Goal: build the SOC Console — the Grafana-for-dashboards + Kibana-for-investigation experience, plus the three surfaces neither has: the human approval queue, the provable (hash-chained) incident timeline, and the receipt-integrity viewer. It is a console over verifiable agent-action evidence, not a generic log explorer.


1. How Grafana and Kibana actually work (and the split we adopt)

The two tools solve two halves of a SOC. We take the best of each.
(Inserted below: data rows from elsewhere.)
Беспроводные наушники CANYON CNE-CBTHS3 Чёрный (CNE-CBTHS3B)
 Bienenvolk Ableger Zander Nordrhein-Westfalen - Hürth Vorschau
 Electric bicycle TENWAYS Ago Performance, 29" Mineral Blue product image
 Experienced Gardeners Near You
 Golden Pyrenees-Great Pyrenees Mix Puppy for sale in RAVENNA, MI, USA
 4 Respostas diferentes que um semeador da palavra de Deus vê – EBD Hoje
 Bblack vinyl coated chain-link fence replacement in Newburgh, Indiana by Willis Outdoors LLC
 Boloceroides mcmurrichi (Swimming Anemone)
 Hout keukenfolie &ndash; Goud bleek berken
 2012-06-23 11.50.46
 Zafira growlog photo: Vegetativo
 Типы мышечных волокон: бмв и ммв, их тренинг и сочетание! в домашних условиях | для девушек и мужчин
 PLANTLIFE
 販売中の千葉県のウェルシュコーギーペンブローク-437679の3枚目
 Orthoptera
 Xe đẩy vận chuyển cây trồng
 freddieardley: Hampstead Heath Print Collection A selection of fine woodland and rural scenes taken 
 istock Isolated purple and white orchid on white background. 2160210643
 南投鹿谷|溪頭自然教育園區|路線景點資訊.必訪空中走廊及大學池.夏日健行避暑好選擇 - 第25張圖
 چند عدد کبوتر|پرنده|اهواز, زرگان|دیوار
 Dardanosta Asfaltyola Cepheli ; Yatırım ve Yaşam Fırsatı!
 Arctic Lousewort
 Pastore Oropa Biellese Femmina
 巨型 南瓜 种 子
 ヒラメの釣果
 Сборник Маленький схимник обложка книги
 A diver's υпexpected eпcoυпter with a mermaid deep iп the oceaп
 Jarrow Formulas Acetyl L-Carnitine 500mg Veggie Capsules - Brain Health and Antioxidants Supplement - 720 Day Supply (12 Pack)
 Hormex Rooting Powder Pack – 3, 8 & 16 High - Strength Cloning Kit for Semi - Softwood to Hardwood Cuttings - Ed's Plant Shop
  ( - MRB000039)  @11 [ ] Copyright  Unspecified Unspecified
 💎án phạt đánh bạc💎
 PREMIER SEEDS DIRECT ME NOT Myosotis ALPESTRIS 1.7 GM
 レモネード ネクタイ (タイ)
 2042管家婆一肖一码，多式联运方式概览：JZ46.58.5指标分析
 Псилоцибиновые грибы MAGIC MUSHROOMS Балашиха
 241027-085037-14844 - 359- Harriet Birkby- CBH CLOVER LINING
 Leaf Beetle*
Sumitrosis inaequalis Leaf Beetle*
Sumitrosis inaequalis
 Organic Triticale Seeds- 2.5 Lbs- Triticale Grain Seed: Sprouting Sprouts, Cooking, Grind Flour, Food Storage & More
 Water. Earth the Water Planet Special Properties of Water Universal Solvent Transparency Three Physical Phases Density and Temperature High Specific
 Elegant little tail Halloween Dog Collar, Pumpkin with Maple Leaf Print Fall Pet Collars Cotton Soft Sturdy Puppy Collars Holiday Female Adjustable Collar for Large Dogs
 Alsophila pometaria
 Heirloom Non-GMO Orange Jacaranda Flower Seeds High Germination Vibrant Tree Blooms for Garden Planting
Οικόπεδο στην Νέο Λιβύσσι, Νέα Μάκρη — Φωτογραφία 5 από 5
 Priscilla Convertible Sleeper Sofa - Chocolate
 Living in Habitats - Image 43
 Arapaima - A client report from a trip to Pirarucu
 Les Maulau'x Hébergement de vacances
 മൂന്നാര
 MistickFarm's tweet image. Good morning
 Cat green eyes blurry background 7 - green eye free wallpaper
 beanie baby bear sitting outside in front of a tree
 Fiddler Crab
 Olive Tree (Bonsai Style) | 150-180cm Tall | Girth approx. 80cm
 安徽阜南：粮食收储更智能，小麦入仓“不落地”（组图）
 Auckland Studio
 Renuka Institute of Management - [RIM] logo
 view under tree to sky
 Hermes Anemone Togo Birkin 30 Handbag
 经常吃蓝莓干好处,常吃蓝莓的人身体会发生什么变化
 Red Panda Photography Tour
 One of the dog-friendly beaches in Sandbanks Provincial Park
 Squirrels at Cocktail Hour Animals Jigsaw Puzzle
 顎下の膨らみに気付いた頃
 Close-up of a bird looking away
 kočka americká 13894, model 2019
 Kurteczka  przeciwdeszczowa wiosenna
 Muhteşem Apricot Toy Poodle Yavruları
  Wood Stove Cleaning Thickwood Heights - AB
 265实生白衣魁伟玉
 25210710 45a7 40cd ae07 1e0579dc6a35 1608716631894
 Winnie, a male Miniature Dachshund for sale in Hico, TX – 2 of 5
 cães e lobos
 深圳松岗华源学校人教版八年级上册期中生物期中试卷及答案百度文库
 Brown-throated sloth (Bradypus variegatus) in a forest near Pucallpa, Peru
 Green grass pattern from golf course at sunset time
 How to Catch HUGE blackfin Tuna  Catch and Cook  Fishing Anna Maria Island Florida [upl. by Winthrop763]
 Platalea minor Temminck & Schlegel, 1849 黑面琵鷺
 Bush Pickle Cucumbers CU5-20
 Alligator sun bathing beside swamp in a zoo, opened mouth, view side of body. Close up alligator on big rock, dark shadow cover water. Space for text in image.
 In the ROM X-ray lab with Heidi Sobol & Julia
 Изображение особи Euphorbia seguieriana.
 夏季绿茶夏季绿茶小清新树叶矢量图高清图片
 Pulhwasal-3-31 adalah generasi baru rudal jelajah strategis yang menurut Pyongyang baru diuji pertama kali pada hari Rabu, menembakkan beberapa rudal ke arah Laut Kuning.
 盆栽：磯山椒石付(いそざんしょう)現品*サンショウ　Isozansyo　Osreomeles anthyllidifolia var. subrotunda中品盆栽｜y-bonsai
Grafana = dashboards + metrics + alerting, as code. - Panels on a grid (time series, stat, gauge, table, heatmap, logs) composed into dashboards. - Data sources are pluggable; panels issue queries to them. - Variables / templating ($tenant, $agent, $env) + a global time-range picker + auto-refresh. - Explore mode for ad-hoc querying. - Unified Alerting: rules → notification policies → contact points (Slack/PagerDuty/webhook) + silences. - Provisioning as code: dashboards/datasources are JSON/YAML, version-controlled. - Orgs/teams/RBAC for multi-tenancy.

Kibana = explore + SIEM investigation. - Discover: a query bar (KQL), a field sidebar, a document table, expandable raw documents, time picker, saved searches. - Lens/TSVB/Vega visualizations → Dashboards. - Security app: Detections (alert list), Cases (incident management), Timelines (drag events into an investigation), entities (hosts/users). - Spaces for tenant separation; saved objects for portability.

Our split:

Grafana model  →  Dashboards (Overview, Fleet, Detection metrics) + Alerting UI + dashboards-as-code + variables
Kibana model   →  Explore (ASE search) + Detections + Cases(Incidents) + Timeline(investigation)
AegisAgent-only →  Approval Queue · Provable Timeline (receipt verify) · Receipt Integrity Viewer


2. What we borrow vs. what is uniquely ours

Capability Grafana Kibana AegisAgent SOC Console
Dashboards (panels on grid) ✓ core ✓ Grafana-style, dashboards-as-code
Ad-hoc explore Explore Discover Explore — ASE event search (query bar + field sidebar + doc table)
Time-series viz ✓ core Lens/TSVB ✓ (uPlot/ECharts panels)
Variables / templating controls $tenant $agent $env $timeRange
Alerting (rules→routing→silence) Unified Alerting Alerting/Watcher ✓ but rules are deterministic (never text-score gated)
Detections / Cases / Timeline Security app ✓ Incident = Case; Timeline is PROVABLE
Pluggable data data sources data views ASE store (ClickHouse/SQLite) + gateway SOC API
Provisioning as code saved objects dashboards + detection rules as JSON/YAML
RBAC / multi-tenant orgs/teams spaces tenant-scoped (hard invariant), roles: admin/analyst/approver/viewer
Human approval queue ✓ unique — the human-in-the-loop
Provable hash-chained timeline ✓ unique — one-click receipt-chain verify
Receipt integrity viewer ✓ unique — tamper detection as a view

The bottom three rows are why this is not "Grafana with an agents data source" — they ride the receipt + provenance spine (Design Law 4) and are the product.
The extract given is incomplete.